Ökonomen befürchten erhebliche Folgeeffekte, wenn jetzt alle plötzlich ihre Miete zwei Monate später zahlen – schließlich geht die Krise an niemandem spurlos vorbei. Auch die Betreiber von Gewerbeimmobilien sind wichtige Wirtschaftsakteure, die auf Einnahmen angewiesen sind. Wenn ein Shopping-Zentrum mit Krediten finanziert ist und jetzt die Einnahmen ausbleiben, dann kann der Betreiber seinerseits seine Raten nicht zahlen. Wenn so etwas vielfach geschieht, bringt es die Banken in Bedrängnis.

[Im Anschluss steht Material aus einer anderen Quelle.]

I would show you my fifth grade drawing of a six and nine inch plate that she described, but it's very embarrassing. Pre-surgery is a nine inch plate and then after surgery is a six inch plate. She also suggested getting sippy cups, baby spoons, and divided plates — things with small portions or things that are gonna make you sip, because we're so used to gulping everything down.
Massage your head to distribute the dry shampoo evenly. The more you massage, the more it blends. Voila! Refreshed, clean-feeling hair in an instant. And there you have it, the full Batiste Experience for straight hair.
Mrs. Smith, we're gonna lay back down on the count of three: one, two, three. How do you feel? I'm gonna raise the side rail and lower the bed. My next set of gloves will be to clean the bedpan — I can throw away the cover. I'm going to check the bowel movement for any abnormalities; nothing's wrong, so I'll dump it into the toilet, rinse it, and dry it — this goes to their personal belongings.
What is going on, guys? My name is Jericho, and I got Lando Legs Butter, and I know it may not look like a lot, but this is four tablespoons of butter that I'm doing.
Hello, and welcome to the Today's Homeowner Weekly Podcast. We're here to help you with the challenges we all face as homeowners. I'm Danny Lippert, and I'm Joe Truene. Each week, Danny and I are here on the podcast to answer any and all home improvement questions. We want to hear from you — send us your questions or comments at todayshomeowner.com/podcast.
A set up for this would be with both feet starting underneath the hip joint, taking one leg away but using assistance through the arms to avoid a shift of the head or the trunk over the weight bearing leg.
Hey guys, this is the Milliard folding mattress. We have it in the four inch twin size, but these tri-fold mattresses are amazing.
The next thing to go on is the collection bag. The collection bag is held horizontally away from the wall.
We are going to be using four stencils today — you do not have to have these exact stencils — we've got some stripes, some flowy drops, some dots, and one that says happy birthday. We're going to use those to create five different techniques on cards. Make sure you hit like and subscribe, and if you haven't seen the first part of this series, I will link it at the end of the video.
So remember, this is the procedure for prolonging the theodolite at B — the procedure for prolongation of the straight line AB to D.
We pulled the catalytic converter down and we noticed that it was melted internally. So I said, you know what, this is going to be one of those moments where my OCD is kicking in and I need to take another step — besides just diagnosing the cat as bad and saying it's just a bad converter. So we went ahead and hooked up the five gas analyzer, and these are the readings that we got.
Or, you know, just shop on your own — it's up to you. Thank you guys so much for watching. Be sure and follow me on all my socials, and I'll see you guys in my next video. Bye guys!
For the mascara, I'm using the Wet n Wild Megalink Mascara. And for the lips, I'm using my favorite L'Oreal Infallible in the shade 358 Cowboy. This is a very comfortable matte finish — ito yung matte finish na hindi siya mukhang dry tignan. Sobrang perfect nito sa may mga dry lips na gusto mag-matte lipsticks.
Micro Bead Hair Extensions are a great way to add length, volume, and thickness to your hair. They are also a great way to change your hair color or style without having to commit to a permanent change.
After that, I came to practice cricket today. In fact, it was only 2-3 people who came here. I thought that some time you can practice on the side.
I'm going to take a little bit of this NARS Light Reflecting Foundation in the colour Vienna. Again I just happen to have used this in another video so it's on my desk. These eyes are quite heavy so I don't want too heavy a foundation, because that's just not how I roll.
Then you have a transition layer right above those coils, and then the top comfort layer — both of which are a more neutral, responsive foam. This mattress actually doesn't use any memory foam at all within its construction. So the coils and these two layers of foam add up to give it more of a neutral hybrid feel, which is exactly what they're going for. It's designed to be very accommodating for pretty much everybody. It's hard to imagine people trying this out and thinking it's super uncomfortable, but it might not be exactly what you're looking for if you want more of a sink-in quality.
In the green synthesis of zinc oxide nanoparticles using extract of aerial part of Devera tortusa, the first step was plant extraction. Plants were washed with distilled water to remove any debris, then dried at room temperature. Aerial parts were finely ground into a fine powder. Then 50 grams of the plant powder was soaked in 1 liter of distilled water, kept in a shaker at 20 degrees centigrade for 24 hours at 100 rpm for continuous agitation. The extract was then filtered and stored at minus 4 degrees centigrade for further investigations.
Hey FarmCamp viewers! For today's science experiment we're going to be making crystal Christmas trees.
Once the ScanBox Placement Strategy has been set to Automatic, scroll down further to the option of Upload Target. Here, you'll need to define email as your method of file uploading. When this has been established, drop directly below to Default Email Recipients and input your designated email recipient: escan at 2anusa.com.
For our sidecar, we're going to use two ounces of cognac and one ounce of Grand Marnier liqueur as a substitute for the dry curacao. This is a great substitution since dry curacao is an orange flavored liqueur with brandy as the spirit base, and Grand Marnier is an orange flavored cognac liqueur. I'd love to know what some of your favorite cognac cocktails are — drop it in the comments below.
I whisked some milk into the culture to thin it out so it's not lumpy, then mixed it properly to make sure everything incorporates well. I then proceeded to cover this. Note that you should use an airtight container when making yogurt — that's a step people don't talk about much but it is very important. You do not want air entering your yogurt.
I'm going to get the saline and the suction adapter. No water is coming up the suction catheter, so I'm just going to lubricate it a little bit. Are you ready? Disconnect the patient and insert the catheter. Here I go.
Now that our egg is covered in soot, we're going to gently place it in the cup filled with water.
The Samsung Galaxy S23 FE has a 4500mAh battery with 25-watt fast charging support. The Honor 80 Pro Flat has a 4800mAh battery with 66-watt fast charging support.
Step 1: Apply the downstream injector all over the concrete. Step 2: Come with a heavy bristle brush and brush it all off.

Die Regierung betonte am Wochenende: Wer noch irgendwie zahlen kann, soll seinen Verpflichtungen nachkommen und Kompromisse suchen. Das haben Unternehmen wie Adidas nach eigenen Angaben getan – auch wenn das einige Politiker der Regierungskoalition, die das Gesetz verabschiedet haben, nicht wahrgenommen haben und betont empört reagierten. „Ich bin der Meinung, dass wir unser Gesetz nicht dafür beschlossen haben, dass sich Dax-Konzerne schadlos halten“, sagt der 38jährige SPD-Bundestagsabgeordnete Florian Post in einem Video, das er am Samstagabend auf Twitter gestellt hat. Darin verbrannte er symbolisch ein T-Shirt des Sportartikelherstellers. „Ich werde keine AdidasSachen mehr tragen.“Zuvor hatte sich CSU-Verkehrsminister Andreas Scheuer „sehr enttäuscht“gezeigt. Das Schlagwort #NieWiederAdidas ist am Wochenende in den sozialen Medien oft zu lesen gewesen.